Shefflin: 'We could have been in relegation... Here we are now, Leinster champions again'

A routine day for Ballyhale. Only the opposition was novel.
You could sense it before throw-in. The announcer did his best to inject some oomph into the occasion with a dramatic crescendo to the team news.
“Ladies and gentlemen, your Shamrocks of Ballyhale!”. The applause that followed was minimal. Derisory.
TJ Reid provided a bookend to it all after lifting the cup. “The journey continues,” he announced.
It felt so ... humdrum for them.

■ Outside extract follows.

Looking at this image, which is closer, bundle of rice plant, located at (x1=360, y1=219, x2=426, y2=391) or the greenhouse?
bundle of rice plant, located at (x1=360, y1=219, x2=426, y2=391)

Another senior provincial title and it felt like an afterthought even as they went about claiming it. This is a side angling for a much bigger catch in 2020.

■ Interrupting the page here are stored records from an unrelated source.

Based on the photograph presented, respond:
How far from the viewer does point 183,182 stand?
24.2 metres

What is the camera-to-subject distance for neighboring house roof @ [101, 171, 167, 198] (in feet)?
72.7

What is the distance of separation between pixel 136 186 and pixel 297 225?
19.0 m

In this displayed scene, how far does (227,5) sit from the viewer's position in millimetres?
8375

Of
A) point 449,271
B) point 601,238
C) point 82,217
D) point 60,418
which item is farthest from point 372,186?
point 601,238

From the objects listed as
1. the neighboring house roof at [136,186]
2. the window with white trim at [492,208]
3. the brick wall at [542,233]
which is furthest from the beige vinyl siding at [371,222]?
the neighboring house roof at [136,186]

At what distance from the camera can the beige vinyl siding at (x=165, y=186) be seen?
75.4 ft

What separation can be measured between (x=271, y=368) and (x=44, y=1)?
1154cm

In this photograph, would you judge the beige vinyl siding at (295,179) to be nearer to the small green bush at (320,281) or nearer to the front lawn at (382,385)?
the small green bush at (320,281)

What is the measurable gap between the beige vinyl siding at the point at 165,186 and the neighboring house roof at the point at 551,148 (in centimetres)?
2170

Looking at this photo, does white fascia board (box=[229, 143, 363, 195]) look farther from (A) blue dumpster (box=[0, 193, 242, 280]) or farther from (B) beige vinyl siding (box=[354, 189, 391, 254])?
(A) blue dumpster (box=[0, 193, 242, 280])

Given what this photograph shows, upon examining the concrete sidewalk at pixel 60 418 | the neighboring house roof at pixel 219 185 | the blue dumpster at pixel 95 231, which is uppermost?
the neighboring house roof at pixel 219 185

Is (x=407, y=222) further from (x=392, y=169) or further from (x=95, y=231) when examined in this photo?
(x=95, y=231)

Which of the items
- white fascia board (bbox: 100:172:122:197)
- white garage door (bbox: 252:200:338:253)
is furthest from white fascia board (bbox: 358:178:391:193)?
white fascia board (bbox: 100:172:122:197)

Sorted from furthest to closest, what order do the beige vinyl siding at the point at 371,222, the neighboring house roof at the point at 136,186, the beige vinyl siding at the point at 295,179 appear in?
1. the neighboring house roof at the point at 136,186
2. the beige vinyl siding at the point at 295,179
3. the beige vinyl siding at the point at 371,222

“I suppose they’ve been used to it, that’s ten Leinster titles now,” said Henry Shefflin who remains unbeaten in championship hurling as manager through almost two years in the job. “We’ve only done back-to-back (in Leinster) once before, 2008 and 2009, so it’s a brilliant recognition of the players, their hunger.
“Look at TJ (Reid) and Colin (Fennelly) and Joey (Holden) and Adrian (Mullen). They’re the ones that are driving it on and they’re hurling all year around. When you have players like that, the other lads, its easier for them to follow.”

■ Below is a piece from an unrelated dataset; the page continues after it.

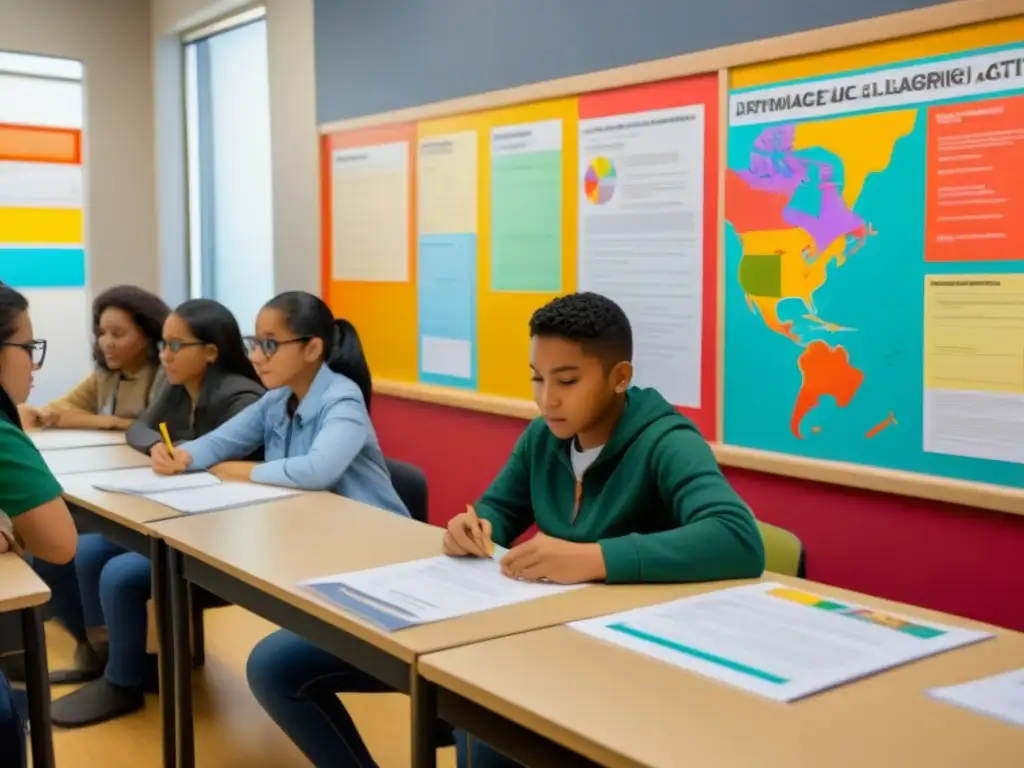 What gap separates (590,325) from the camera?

None of that is to say that St Mullins didn’t do their bit.
The Carlow side showed resilience in coming through Carlow and again in punching through to this provincial decider. First order of business here was to establish a foothold and work from there. They managed that with a degree of comfort by carving out a 0-5 to 0-3 lead inside the first dozen minutes.
Michael Walsh and Paul Doyle had the clampers on Reid and Fennelly at the back and Marty Kavanagh was displaying the sort of dead-ball accuracy that turned many an eye last summer as he starred for Carlow in the Leinster Championship and league.
It was good but not good enough for long enough.
Reid and Fennelly may have been shackled for long spells but they were far too good not to strike with venom on occasion. The former stitched together some lovely moves and passes, most obviously in setting Fennelly up for a 32nd-minute goal.
The timing of it, just after the break, was bad and the wider context was even worse given James Doyle had just struck the butt of the Shamrocks post second earlier. A cruel blow for a Mullins side that were thwarted by goakeeper Dean Mason on two other occasions.
“That was a big turning point,” said Shefflin. “We went straight down and got our goal off the back of that, TJ soloed through and Colin finished it to the net. I suppose Mullins were looking for that big score to lift them ever more. But I thought even before half-time we were starting to turn the screw a little bit.”
Mullins’ limitations were most obvious going forward. Kavanagh aside, only two others would raise a flag. Ballyhale had nine players contributing to the scoreboard and they kept their neighbours at a comfortable arm’s length for pretty much the entire second half.
Their reward now is an All-Ireland semi-final against Ulster champions Slaughtneil on the painfully early date of January 4. It leaves little time for festive indulgences but everything about Ballyhale on Sunday spoke of a side hungry for nothing other than a shot at retaining the title they claimed on St Patrick’s Day.

Richie Reid will be back from his tour of duty in the Lebanon for that one, Paddy Mullen should be back from injury to add further options to the defence and Conor Walsh appeared off the bench after recovering from a broken thumb. They are in a good place.
Just how good is remarkable given they weren’t expected to be a contender for the county championship in 2018. Shefflin’s last game for the club prior to taking over last year had been a chastening championship semi-final defeat, so to find themselves at such an elevation so suddenly is quite the thing.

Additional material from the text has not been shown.